Instead, here are ten or so of what I consider the more notable – for reasons
good and bad, but mostly good – selections I was lucky enough to stumble
upon at random hours of the day, night and late, late fucking night.
--Andrew Hicks
* = Yes, I use that word with irony,
thank you very much.
SELECTIONS FROM...
MTV2: Wall-to-
Wall Women Week
VIDEO
OF THE WEEK
Eve f/Gwen Stefani – Let Me Blow Ya Mind (2001)
(***½) If you would have caught
me at various points in the last two or three years, I would have told
you that: a) Eve’s flow was okay, but her production and whack-ass nursery-rhyme
choruses sucked the fat one, b) Dr. Dre was down for the count after the
Firm fiasco and that bullshit Aftermath compilation and, c) I would never
again fall for the ska-pop treacle offered up by the Gwen Stefani/No Doubt
camp. Now here we are, almost midway through 2001, and all of the above
have proven me wrong on those three counts. “Let Me Blow Ya Mind” is a
catchy fucking hip-hop tune with strong lyrics from a), production from
b) and a chorus provided by c).
The video improves upon the song, with usual
Dre/Eminem director Philip Atwell offering up a stylish, fun four-minute
romp that manages to shake the novelty-only feeling of most Atwell videos
(much as I’ve enjoyed them). Eve, leading her motorcycle-bound posse down
the rain-slicked night streets, happens upon Stefani at a stoplight, behind
the wheel of her car. The Ruff Ryder extends the hand of sistahood to the
white ab-queen, and they roll off to a high-class party together.
Stefani, wearing less than the median amount
of fabric contained in a typical Britney Spears or Christina Aguilera outfit,
holds her own next to Eve, who is poised and sensual in a way she failed
to achieve back in the “Gotta Man” and “Love is Blind” days. Witness the
police mug shot/lineup sequence toward the end.
Dre pops up in cameo form, naturally, but
not until the MTV end titles have already graced the bottom left corner
of the screen, and he actually adds a little something to the video. What
I’m going away from “Let Me Blow Ya Mind” with, though, is the feeling
that I’d love to mingle at any party that had this precise combination
of bureaucrats, gangstas and good-natured ho’s. –AH
(***) Well, there is something
besides my mind that Eve and Gwen can blow, but this is a family site...

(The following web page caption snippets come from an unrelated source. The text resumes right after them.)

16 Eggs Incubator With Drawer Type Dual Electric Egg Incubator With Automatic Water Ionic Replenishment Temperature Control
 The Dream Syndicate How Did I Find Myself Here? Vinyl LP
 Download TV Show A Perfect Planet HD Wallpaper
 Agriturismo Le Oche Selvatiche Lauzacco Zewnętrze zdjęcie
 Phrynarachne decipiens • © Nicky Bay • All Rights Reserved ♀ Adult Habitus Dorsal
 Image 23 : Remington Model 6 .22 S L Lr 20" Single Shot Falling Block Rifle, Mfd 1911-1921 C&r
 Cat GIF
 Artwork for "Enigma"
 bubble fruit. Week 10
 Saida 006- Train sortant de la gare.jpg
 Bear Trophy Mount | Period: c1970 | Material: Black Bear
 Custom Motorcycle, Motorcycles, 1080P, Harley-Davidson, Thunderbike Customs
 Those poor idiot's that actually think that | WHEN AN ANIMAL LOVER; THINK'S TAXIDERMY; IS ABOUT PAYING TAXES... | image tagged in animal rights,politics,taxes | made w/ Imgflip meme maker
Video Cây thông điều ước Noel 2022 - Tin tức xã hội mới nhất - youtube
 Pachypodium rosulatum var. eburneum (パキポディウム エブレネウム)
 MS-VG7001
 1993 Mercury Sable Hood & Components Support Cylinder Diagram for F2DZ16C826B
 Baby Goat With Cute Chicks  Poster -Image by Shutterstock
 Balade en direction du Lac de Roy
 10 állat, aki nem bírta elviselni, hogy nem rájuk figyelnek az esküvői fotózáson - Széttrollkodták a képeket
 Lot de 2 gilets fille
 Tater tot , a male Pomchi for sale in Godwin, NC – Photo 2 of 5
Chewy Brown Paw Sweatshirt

Anyway, Gwen is transforming from Punk Princess to Ghetto White Girl right
before our own eyes. It started with her cameo with Moby on "Southside"
(Did you guys know that Play is fucking wonderful?) and continues
with this video. Eve is looking as sexy and beautiful as ever, as the two
crash a classy party with their bravado and chutzpah. One of the socialites
decides to rain on their parade by calling the police and sending them
away.
Tight video, tight beat. In case you were
wondering why this sounds more like a laid back, West Coast groove rather
than the rough-edged Ruff Ryders material that Eve usually does, Dr. Dre
has a brief cameo in this video. (Hmmmm, I wonder who produced this?) --Leon
Bracey
OTHER
NEW
AND
OLD SHIT
Belly – Feed the Tree (1993)
(***) This video falls into the same
category as the one down the list from Jill Sobule, and I just wrote a
longass review for that, so go ahead and skip up to that one and then come
back up here, will ya?
Alright, you back now? Okay, this Belly shit
falls in that nostalgic, time-capsule category of videos, and it’s a really
strange reaction because I forgot about this song, had it fade entirely
from my consciousness, and never again came across the video. (I never
taped it because, by the time it actually had grown on me, it was
out of rotation, never to return.) MTV2 hooked me up with some Belly this
week, though, and I’m willing to bet a fiver it was put on the playlist
by one Jancee Dunn.*
“Feed the Tree” is a pleasant alterna-pop
video from director Mark Lindquest with constantly spinning cameras and
trippy forest-scapes, whilst the oddly sexy lead singer lip synchs and,
what, guitar synchs? Is that what you call that? The guys in the band are
there, too, though the close-ups don’t exactly favor them. Solid video
all around, and it kind of makes me curious to hear the Belly album. I’m
sure at the local used-CD store it could be mine for the low, low price
of $2.99. –AH
* = My theory on Jancee Dunn, for those of
you who have M2 and/or read Rolling Stone and might have a clue of who
she is (Jancee’s not quite as recognizable to the masses as, say, Miss
Cleo), is that she’d be the kind of woman I would love to take out once
or twice, maybe make out with or something. But then around mid-Date Three,
something would click off in my head, and I’d suddenly be done with pseudo-intellectual
prattle. I mean that in a nice way, because I spew forth amazing amounts
of pseudo-intellectual prattle and like to think I can sense when people
are ready to stop hearing it and move on with their lives. Nothing personal,
you understand.
Pat Benetar – We Belong (1984)
(*½) Am I the only person who
thinks Pat Benetar was the love child of some unholy sexual union between
Enya and “Dynasty” star Joan Collins? I have no idea which provided the
sperm and which the egg, but I know that all their lesbian offspring had
to do to start a music career was get a little eye liner permanently tattooed
to her face and slap those junebug-looking jade earrings over each lobe.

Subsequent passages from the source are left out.